Circuit Breaker Pattern: The System Design Interview Guide

Your payment service is struggling. Response times have climbed from 100ms to 5 seconds. You open Grafana and stare at the graphs the way you stare at a car that just made a new noise. Your order service has 20 threads, each now blocked waiting for a payment response that may never come. All 20 fill up. Incoming requests queue behind them. Order service is unresponsive. So is the catalog service that calls it. And the API gateway. Your phone is buzzing. One slow service just took down your entire platform.

That is a cascading failure. And it is, objectively, a terrible time.

The circuit breaker pattern is the standard system design solution for stopping cascading failures. It is also one of those patterns where knowing the name gets you maybe 20% of the credit in an interview. The other 80% is explaining what it actually does, why the thresholds exist, and what happens when it trips.

What a Circuit Breaker Actually Does

The name comes from your home electrical panel. When a circuit gets overloaded, the physical breaker trips and stops current from flowing. It does not fix the problem. It stops the problem from spreading.

In software, a circuit breaker wraps calls to a downstream service, monitors failures, and when failures exceed a threshold, immediately rejects requests without attempting the remote call at all.

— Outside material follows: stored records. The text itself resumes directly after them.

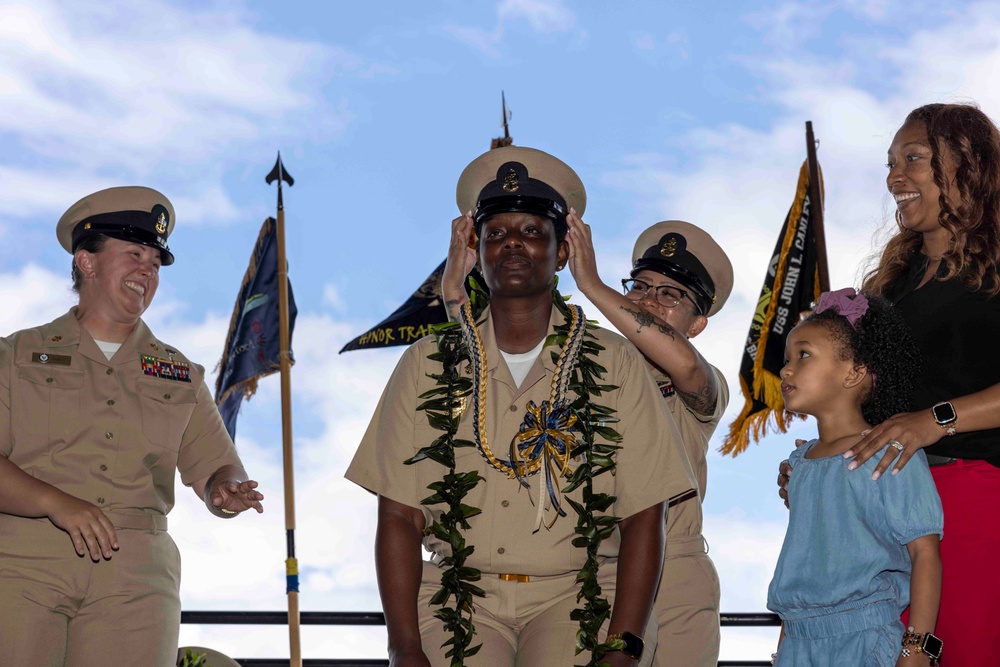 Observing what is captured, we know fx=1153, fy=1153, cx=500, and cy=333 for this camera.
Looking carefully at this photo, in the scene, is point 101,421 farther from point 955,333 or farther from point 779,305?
point 779,305

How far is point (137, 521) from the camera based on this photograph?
519cm

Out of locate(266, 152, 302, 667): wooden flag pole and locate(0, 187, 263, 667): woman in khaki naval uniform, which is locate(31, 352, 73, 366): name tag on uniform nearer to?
locate(0, 187, 263, 667): woman in khaki naval uniform

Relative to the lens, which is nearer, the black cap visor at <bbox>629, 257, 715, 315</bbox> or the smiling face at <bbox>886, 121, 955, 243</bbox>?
the smiling face at <bbox>886, 121, 955, 243</bbox>

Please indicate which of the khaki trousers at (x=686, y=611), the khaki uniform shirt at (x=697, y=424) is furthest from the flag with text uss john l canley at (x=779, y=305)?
the khaki trousers at (x=686, y=611)

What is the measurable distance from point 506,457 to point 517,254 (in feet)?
2.51

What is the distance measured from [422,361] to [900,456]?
1.78 metres

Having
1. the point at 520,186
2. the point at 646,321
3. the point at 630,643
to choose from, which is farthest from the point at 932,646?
the point at 520,186

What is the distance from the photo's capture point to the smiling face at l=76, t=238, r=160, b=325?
5.58 meters

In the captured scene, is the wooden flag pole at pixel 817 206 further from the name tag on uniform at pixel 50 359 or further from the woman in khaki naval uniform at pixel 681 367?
the name tag on uniform at pixel 50 359

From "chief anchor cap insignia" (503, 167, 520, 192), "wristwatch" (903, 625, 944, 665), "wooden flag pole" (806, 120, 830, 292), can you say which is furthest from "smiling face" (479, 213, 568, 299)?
"wooden flag pole" (806, 120, 830, 292)

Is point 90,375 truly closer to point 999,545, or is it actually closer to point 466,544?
point 466,544

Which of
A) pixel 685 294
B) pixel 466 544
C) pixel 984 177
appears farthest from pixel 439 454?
pixel 984 177

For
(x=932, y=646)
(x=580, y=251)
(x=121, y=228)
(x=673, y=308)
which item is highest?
(x=121, y=228)

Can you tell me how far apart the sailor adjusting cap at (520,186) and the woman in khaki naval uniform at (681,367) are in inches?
4.6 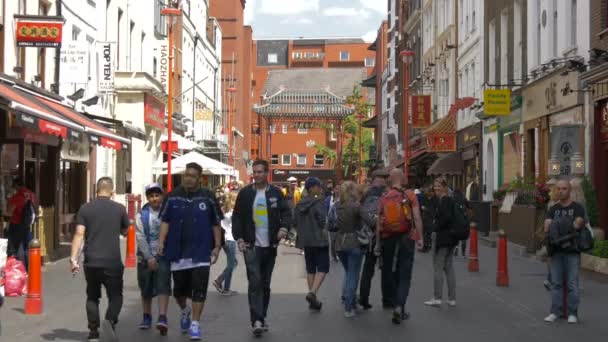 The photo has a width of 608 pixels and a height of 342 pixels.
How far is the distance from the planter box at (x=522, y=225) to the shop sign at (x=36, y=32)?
11.0 m

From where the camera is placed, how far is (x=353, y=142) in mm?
96750

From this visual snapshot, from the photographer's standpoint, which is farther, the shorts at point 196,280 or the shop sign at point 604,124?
the shop sign at point 604,124

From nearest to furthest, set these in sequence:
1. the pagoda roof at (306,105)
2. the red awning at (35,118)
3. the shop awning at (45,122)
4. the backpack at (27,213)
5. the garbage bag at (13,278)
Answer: the garbage bag at (13,278)
the red awning at (35,118)
the shop awning at (45,122)
the backpack at (27,213)
the pagoda roof at (306,105)

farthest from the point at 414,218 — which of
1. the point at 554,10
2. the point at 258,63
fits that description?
the point at 258,63

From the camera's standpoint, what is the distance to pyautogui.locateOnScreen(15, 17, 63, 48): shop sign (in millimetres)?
21188

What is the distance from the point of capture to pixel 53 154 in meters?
22.5

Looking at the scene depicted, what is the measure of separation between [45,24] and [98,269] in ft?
40.4

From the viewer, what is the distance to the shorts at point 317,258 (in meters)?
13.6

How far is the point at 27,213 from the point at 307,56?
411 ft

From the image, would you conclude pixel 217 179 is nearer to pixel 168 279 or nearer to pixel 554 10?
pixel 554 10

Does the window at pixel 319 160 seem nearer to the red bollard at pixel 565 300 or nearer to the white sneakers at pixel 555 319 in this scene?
the red bollard at pixel 565 300

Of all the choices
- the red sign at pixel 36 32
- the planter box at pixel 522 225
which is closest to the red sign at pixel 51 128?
the red sign at pixel 36 32

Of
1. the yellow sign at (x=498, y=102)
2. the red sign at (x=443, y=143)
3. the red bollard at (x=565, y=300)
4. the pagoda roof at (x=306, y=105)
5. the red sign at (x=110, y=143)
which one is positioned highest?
the pagoda roof at (x=306, y=105)

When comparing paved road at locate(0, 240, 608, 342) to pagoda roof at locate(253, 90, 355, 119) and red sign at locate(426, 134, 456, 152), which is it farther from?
pagoda roof at locate(253, 90, 355, 119) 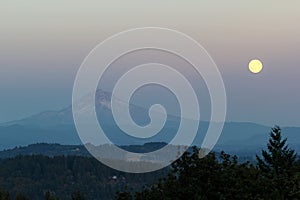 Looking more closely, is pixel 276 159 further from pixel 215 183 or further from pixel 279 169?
pixel 215 183

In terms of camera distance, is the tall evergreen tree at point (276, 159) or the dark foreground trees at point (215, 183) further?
the tall evergreen tree at point (276, 159)

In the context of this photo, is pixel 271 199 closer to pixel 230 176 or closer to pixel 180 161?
pixel 230 176

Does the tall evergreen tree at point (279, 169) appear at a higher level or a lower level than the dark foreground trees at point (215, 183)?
higher

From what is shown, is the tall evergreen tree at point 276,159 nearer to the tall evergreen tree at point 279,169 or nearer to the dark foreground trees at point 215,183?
the tall evergreen tree at point 279,169

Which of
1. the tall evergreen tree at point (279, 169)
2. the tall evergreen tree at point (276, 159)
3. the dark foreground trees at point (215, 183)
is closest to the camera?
the dark foreground trees at point (215, 183)

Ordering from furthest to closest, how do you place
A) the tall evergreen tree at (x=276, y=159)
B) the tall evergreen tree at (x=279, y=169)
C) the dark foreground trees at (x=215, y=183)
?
the tall evergreen tree at (x=276, y=159), the tall evergreen tree at (x=279, y=169), the dark foreground trees at (x=215, y=183)

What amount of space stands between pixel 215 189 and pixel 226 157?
3.56 metres

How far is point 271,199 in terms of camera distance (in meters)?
30.0

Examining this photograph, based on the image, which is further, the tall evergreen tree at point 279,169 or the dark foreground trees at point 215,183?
the tall evergreen tree at point 279,169

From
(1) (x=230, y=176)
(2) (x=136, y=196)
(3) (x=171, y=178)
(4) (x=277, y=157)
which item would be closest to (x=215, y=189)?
(1) (x=230, y=176)

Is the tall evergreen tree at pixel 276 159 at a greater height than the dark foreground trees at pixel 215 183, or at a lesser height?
greater

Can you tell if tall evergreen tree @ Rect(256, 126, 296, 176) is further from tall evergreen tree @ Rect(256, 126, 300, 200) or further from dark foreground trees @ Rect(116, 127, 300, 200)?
A: dark foreground trees @ Rect(116, 127, 300, 200)

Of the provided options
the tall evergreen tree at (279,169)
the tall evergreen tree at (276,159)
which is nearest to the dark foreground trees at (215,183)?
the tall evergreen tree at (279,169)

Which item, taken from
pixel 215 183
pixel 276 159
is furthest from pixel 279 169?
pixel 215 183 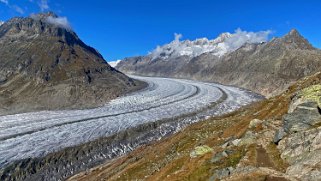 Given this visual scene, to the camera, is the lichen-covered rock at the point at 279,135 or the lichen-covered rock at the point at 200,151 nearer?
the lichen-covered rock at the point at 279,135

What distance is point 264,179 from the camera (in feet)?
110

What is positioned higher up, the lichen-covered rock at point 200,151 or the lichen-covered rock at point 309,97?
the lichen-covered rock at point 309,97

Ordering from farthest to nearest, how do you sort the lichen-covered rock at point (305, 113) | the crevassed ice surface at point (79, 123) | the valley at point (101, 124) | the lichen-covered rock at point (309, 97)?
the crevassed ice surface at point (79, 123)
the valley at point (101, 124)
the lichen-covered rock at point (309, 97)
the lichen-covered rock at point (305, 113)

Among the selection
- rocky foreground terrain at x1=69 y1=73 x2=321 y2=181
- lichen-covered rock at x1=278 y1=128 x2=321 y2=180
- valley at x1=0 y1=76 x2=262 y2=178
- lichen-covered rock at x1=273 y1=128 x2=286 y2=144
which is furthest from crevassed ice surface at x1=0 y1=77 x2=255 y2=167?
lichen-covered rock at x1=278 y1=128 x2=321 y2=180

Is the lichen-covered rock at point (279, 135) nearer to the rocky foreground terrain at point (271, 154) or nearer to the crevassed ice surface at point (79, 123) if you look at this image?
the rocky foreground terrain at point (271, 154)

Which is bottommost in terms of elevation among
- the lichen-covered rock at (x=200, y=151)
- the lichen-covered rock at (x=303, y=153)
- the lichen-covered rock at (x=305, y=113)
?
Answer: the lichen-covered rock at (x=200, y=151)

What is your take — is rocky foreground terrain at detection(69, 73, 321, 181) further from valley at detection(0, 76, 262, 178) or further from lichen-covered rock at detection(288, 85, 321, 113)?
valley at detection(0, 76, 262, 178)

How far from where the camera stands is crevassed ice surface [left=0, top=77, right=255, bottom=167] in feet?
303

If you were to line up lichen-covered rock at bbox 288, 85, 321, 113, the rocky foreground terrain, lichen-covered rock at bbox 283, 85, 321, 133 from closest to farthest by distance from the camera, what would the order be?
the rocky foreground terrain < lichen-covered rock at bbox 283, 85, 321, 133 < lichen-covered rock at bbox 288, 85, 321, 113

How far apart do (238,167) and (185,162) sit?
12641 millimetres

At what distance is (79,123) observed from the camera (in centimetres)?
11919

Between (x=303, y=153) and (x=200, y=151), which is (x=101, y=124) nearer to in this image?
(x=200, y=151)

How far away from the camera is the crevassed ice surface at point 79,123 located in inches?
3637

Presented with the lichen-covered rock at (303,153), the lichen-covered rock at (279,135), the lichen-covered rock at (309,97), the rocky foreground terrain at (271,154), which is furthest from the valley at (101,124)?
the lichen-covered rock at (303,153)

This does two things. It gives the failing service time to recover without being bombarded by traffic it cannot handle. And it keeps your service responsive by failing fast instead of blocking threads for 5 seconds each until your pool is exhausted.

Michael Nygard formalized the pattern in "Release It!" (2007). Netflix open-sourced Hystrix in 2012, the reference implementation for a decade. Today Resilience4j is standard for JVM services, and the pattern is built into Envoy, Istio, and AWS SDK retry configs.

Three States, One State Machine

The circuit breaker cycles through three states:

Circuit breaker state machine diagram

CLOSED is normal operation. Requests pass through. The breaker tracks failures in a rolling window. Everything is fine. Probably.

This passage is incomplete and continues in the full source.